In [1]:
from torchinfo import summary
import warnings
import yaml

import nltk
from data import IWSLT2017DataLoader, Multi30kDataLoader
from transformer import Seq2SeqTransformer
from trainer import Trainer, EarlyStopper
from config import SharedConfig, TokenizerConfig, DataLoaderConfig, TransformerConfig, TrainerConfig
from translate import Translate
warnings.filterwarnings("ignore", category=UserWarning)

nltk.download('wordnet', download_dir='./.venv/share/nltk_data')

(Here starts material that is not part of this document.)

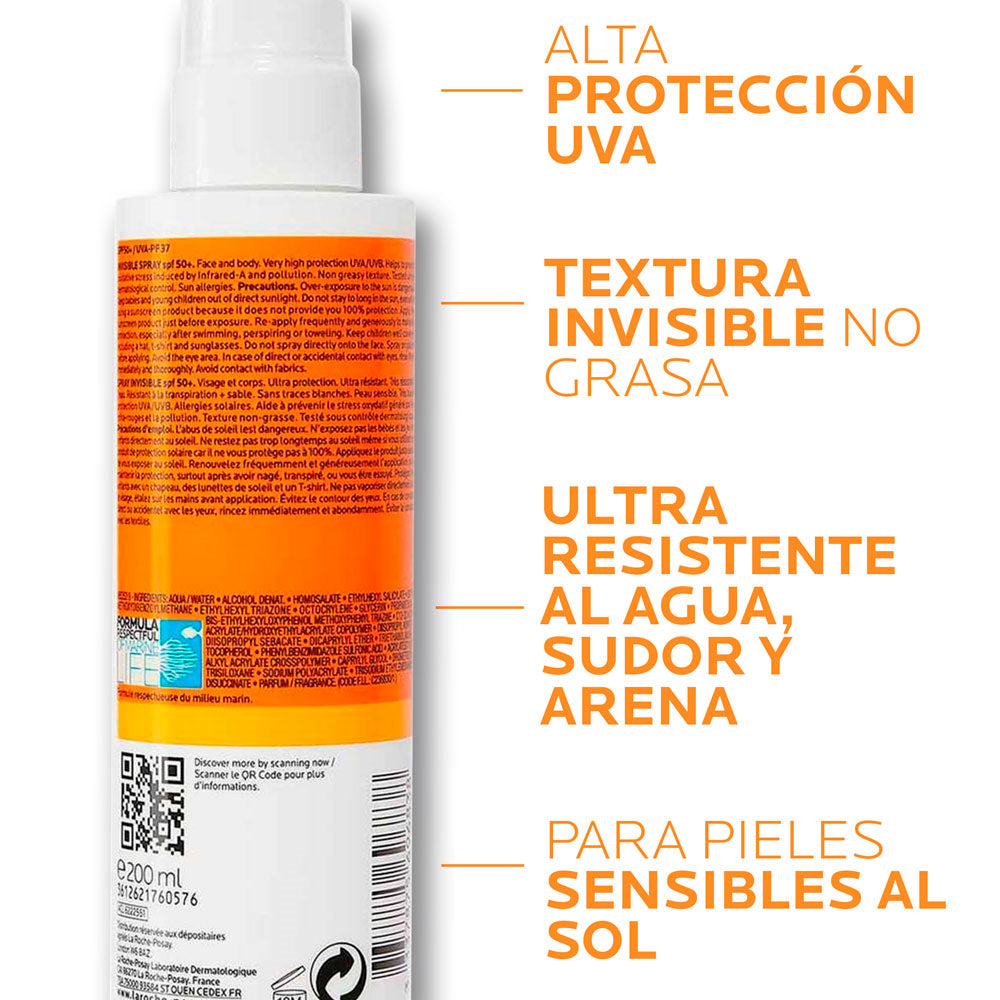ANTHELIOS INVISIBLE SPRAY SPF 50+ FRASCO 200 ML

[nltk_data] Downloading package wordnet to ./.nltk...
[nltk_data]   Package wordnet is already up-to-date!


In [2]:
path_to_config = './configs/multi30k-small.yaml'
run_id = 'multi30k-small'
device = 'cuda'
      
with open(path_to_config) as stream:
      config = yaml.safe_load(stream)
      
tkn_conf = TokenizerConfig()
print(tkn_conf.model_dump())
      
tokenizer = {
      tkn_conf.src_language: tkn_conf.src_tokenizer,
      tkn_conf.tgt_language: tkn_conf.tgt_tokenizer
}


shared_conf = SharedConfig()
dl_conf = DataLoaderConfig(**config['dataloader'])
print(shared_conf.model_dump())
print(dl_conf.model_dump())

if dl_conf.dataset == "iwslt2017":
      dataloader = IWSLT2017DataLoader(dl_conf, tokenizer, tkn_conf, shared_conf)
else:
      dataloader = Multi30kDataLoader(dl_conf, tokenizer, tkn_conf, shared_conf)
            
vocab_transform, text_transform = dataloader.vocab_transform, dataloader.text_transform
train_dataloader, test_dataloader, val_dataloader = dataloader.train_dataloader, dataloader.test_dataloader, dataloader.val_dataloader
            
SRC_VOCAB_SIZE = len(vocab_transform[tkn_conf.src_language].index2word)
TGT_VOCAB_SIZE = len(vocab_transform[tkn_conf.tgt_language].index2word)
print(SRC_VOCAB_SIZE)
print(TGT_VOCAB_SIZE)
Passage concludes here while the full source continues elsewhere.